The new legislation will also allow Official Veterinarians access to the last 90 days of footage.
A legal requirement for all abattoirs to implement CCTV on site will be official as of May this year.
Environment Minister Michael Gove confirmed the plans this morning (February 23) following a public consultation which found more than 99 per cent of 4,000 respondents backed the calls for CCTV to be required in every slaughterhouse in England where live animals were present.
The legislation will also cover unrestricted access for Official Veterinarians (OVs) to the last 90 days of footage.
Mr Gove said: “The previous reaction to the consultation highlighted the strength of feeling among the public that all animals should be treated with the utmost respect at all stages of life and be subject to the highest possible welfare standards.
“Introducing compulsory CCTV cameras in slaughterhouses is a further demonstration to consumers around the world that as we leave the EU, we continue to produce our food to the very highest standards.”
As soon as the legislation has passed through parliament, in about two months’ time, businesses will have six months to comply – and failure to do so will result in an enforcement notice or prosecution.
OVs at the Food Standards Agency (FSA) currently carry out checks to ensure the welfare of animals is protected during their time in the slaughterhouse, but Mr Gove said access to additional camera footage would help cement the nation’s status as a global leader ‘by continuing to raise the bar’.

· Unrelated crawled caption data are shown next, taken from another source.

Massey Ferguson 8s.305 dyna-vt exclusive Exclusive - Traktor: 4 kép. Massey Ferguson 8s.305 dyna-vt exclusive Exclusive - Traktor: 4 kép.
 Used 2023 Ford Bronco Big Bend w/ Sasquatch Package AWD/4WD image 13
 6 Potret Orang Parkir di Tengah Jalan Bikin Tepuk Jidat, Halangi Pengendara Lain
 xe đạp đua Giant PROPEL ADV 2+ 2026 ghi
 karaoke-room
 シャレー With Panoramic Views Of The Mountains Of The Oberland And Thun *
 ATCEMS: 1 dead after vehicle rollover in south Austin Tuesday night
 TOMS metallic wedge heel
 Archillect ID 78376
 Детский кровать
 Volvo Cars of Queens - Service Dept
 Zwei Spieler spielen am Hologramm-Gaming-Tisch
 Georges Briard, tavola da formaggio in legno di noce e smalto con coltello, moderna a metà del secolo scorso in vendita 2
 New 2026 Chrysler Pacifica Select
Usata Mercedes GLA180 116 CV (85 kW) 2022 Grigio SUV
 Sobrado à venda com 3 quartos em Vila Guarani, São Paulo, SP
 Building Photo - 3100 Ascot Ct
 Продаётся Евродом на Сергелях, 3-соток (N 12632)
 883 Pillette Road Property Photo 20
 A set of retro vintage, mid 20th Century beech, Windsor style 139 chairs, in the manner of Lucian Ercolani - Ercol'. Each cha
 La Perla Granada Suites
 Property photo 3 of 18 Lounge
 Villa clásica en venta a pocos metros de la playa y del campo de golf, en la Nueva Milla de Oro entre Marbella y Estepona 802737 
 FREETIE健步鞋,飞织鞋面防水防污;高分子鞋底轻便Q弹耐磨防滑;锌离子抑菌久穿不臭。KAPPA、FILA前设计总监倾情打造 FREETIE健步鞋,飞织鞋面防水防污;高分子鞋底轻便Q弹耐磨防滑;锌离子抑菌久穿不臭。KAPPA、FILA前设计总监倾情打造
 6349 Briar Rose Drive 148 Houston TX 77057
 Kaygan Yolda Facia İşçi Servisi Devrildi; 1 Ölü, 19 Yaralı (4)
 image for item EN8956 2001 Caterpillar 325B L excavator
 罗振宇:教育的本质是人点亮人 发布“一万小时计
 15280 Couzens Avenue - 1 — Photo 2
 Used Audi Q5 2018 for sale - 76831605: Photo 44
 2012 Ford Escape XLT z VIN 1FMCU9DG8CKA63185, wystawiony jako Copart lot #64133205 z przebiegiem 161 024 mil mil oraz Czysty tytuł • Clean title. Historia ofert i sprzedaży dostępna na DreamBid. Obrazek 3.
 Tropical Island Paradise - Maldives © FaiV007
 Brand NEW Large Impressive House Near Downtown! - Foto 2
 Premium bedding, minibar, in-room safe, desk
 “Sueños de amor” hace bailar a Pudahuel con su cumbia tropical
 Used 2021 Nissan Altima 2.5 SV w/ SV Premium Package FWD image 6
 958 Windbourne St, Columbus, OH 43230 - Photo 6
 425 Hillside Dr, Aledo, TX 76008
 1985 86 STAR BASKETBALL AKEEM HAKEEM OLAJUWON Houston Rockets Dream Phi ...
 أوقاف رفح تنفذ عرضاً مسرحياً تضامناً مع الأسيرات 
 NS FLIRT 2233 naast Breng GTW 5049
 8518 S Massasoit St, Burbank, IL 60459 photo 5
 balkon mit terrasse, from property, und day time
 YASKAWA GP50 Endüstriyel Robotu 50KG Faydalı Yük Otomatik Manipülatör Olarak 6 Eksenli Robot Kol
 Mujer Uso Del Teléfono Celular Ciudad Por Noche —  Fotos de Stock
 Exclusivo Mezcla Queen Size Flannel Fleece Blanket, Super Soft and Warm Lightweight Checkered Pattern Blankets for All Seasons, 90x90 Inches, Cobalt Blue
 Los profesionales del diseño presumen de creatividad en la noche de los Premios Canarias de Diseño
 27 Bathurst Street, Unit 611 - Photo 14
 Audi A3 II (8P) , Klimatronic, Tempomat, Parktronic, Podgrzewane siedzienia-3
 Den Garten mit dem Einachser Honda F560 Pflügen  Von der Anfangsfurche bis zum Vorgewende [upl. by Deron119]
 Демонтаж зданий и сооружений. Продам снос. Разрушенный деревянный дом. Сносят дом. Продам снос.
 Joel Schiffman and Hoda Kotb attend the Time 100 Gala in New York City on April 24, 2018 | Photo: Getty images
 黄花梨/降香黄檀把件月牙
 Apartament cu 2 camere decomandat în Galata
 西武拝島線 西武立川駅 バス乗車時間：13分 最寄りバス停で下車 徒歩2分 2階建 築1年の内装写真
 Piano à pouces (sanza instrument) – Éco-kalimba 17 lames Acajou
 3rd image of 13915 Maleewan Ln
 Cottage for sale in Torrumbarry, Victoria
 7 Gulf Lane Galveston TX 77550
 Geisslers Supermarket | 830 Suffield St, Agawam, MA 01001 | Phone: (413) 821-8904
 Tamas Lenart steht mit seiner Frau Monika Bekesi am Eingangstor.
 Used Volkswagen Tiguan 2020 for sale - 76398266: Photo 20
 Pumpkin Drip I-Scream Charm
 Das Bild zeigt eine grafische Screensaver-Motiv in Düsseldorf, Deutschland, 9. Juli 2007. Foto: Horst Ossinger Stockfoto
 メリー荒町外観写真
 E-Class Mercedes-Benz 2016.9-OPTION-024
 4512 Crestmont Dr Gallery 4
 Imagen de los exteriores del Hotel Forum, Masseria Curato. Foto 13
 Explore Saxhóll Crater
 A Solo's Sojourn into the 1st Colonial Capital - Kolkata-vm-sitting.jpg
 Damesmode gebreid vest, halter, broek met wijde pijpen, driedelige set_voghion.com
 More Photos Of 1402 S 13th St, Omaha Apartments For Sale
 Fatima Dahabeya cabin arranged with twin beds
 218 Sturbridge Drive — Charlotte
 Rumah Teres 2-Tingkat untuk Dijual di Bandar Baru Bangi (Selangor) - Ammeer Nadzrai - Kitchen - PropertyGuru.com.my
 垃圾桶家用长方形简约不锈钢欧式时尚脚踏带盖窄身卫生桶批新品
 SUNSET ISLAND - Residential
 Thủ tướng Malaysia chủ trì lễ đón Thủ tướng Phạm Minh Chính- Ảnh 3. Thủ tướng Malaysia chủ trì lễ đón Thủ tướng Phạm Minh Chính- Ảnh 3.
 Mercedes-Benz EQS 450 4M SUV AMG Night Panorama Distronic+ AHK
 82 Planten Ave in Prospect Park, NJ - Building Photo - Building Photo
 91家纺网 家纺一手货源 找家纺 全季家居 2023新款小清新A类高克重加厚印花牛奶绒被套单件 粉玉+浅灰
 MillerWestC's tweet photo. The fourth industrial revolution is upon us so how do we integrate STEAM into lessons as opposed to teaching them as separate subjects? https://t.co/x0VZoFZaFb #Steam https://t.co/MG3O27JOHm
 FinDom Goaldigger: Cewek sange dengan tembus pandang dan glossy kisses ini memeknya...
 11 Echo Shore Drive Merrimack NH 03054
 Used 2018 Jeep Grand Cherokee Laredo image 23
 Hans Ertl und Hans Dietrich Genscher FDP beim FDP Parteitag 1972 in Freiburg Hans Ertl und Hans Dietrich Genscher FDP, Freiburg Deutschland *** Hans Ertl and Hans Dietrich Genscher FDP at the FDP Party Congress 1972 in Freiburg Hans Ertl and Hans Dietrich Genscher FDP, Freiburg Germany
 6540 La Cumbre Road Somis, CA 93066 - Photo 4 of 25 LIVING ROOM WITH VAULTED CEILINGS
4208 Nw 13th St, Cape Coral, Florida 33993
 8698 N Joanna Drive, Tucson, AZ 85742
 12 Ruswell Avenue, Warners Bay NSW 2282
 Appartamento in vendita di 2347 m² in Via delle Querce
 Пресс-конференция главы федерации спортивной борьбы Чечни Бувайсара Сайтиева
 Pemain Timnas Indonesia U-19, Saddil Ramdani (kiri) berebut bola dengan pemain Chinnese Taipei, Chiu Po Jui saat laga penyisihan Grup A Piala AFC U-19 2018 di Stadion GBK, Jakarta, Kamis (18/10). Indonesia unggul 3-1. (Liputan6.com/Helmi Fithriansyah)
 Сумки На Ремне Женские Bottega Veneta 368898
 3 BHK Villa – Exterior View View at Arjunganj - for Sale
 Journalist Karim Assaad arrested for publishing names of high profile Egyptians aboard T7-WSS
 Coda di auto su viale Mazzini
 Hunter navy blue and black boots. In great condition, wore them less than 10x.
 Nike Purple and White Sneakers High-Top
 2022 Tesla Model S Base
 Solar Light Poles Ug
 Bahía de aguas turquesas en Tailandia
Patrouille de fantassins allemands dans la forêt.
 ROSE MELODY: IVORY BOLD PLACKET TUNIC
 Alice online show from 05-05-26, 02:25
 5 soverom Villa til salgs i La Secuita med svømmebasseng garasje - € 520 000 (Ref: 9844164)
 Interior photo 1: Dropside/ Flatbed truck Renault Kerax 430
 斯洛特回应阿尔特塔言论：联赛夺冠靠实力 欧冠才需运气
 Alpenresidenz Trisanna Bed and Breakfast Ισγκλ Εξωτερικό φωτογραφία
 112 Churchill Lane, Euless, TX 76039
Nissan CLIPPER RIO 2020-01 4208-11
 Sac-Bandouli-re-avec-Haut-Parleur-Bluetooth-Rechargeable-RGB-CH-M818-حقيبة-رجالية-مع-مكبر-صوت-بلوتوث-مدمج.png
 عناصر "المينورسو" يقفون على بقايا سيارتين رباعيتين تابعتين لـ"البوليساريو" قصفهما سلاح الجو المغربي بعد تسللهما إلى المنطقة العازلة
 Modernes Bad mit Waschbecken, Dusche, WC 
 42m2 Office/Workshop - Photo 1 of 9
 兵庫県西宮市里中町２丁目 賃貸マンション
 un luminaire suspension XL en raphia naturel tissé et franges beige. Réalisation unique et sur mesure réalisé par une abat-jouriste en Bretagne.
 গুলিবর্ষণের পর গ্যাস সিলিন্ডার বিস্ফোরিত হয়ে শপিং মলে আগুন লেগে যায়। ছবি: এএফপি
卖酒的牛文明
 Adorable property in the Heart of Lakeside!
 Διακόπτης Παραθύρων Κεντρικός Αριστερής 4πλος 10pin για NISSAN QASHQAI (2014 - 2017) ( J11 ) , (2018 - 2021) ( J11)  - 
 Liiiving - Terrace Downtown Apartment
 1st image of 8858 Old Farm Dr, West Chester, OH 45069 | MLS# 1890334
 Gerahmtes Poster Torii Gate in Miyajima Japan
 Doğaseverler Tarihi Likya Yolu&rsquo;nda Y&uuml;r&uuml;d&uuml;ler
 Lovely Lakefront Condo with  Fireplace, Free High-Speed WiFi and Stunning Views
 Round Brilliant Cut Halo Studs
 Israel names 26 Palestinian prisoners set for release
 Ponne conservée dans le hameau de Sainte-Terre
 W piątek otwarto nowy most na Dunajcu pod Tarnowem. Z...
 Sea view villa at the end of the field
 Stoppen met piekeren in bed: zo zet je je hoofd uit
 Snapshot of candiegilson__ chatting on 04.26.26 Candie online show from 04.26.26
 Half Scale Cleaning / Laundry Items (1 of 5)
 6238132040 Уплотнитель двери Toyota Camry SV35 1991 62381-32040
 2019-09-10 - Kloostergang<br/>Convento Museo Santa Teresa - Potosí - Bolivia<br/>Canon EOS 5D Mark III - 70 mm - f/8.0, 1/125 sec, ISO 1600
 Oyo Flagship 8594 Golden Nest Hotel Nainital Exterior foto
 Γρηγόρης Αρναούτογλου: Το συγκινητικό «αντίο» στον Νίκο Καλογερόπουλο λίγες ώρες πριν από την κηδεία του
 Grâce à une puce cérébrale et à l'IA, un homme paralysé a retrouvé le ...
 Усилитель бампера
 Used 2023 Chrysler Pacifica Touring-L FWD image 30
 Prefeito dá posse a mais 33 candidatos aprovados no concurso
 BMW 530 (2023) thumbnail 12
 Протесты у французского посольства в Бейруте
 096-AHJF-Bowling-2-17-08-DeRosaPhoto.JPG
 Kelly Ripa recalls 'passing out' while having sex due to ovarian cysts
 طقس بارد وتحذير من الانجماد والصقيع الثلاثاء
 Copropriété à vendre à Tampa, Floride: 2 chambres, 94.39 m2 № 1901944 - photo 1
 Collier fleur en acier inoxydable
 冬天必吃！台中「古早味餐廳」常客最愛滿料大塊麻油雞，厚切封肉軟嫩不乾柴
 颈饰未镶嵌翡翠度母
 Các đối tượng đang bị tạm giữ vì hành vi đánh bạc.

FSA chairman Heather Hancock said she expected to see public confidence rise as a result.
President of the British Veterinary Association (BVA) added: “Mandatory CCTV in all areas of slaughterhouses will provide an essential tool in fostering a culture of compassion that could help safeguard animal welfare.
“We commend the Government’s commitment to provide Official Veterinarians with unrestricted access to the footage, which the veterinary profession has long been campaigning for.
“It is vets’ independence and unique qualifications that help ensure the UK will continue to have the highest standards of animal health, welfare and food safety post-Brexit.”